How to know tomato allergy symptoms

Few of us expect to feel our lips tingle and our chests constrict when we bite into a pizza or an Italian sandwich. But for the small number of people with an allergy to tomato, that's exactly what can happen.

Though most of us know that food allergies are prevalent and even on the rise, the symptoms of tomato allergies are lesser known than that of more publicized food allergies. That doesn't mean that the symptoms are any less severe or worth less notice than those of other food allergies.

Recognize the difference between a food intolerance and a true allergy. Food intolerances are more common than food allergies and, though the body's chemical reaction to the food can cause very real and unpleasant symptoms, food intolerances have less potential for fatality. A true allergy to tomato is rare and caused by a histamine reaction to a protein usually found in the seeds, skin and juice of the tomato.

Take note of when the symptoms occur. Food allergy symptoms tend to manifest very soon after the food is ingested. It's important for your doctor to know the timetable so that he might rule out whether you are experiencing a life-threatening allergic reaction or a food intolerance. You should also take note as to whether your symptoms have become increasingly worse with each exposure to tomatoes.

Avoid fresh tomatoes if after eating them you experience swelling or itching around your mouth, hives, diarrhea, vomiting, difficulty breathing or a persistent skin rash. Though scientists don't know the exact reason, many people with an allergy to tomatoes only experience symptoms when in contact with the raw fruit. Some patients can eat processed products such as catchup or tomato paste with no discernible reaction.
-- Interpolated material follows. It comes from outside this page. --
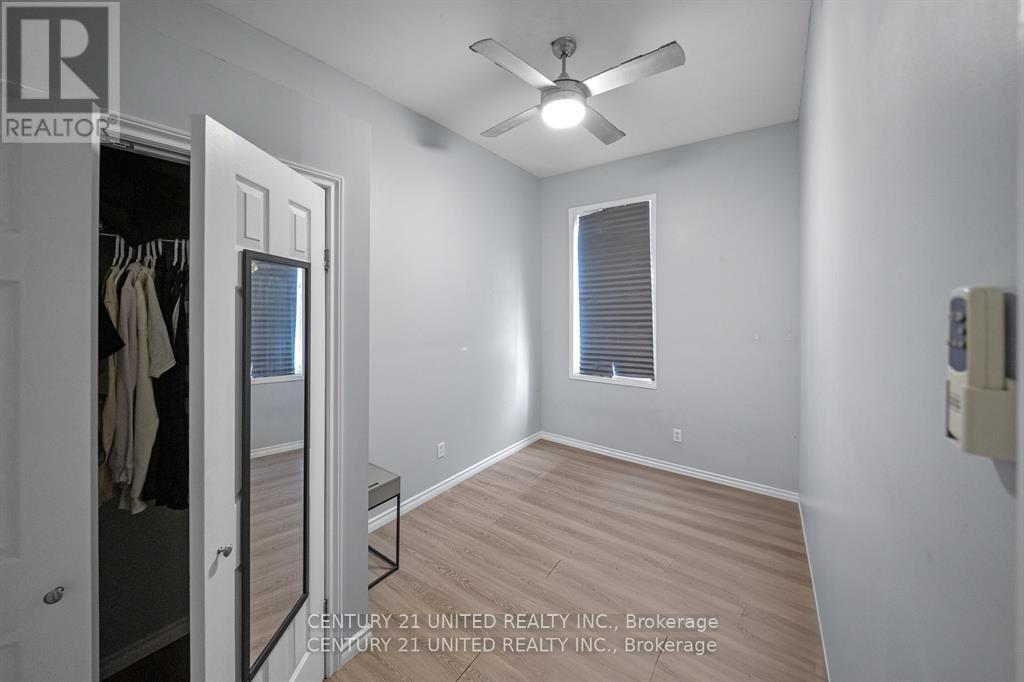 283 George Street N, Peterborough (Town Ward 3), Ontario  K9J 3H3 - Photo 13 - X12583214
Connect tomato allergy symptoms to other food contact allergies. The tomato plant is closely related to potatoes, eggplant and tobacco. They are all members of the Deadly Nightshade family and have a similar structure. Since a true tomato allergy is so rare, if you're allergic it's likely that you will have symptoms after contact with these other foods too.

Make an appointment with an allergist or your family physician for food allergy testing. For a suspected tomato allergy, you are likely to undergo both blood tests and pin-prick allergen testing. Pin-prick testing allows the allergist to inject small amounts of food proteins in a grid pattern on your back to look for localized reactions, while the blood test can reveal an increase in the IgE allergy antibody in your system.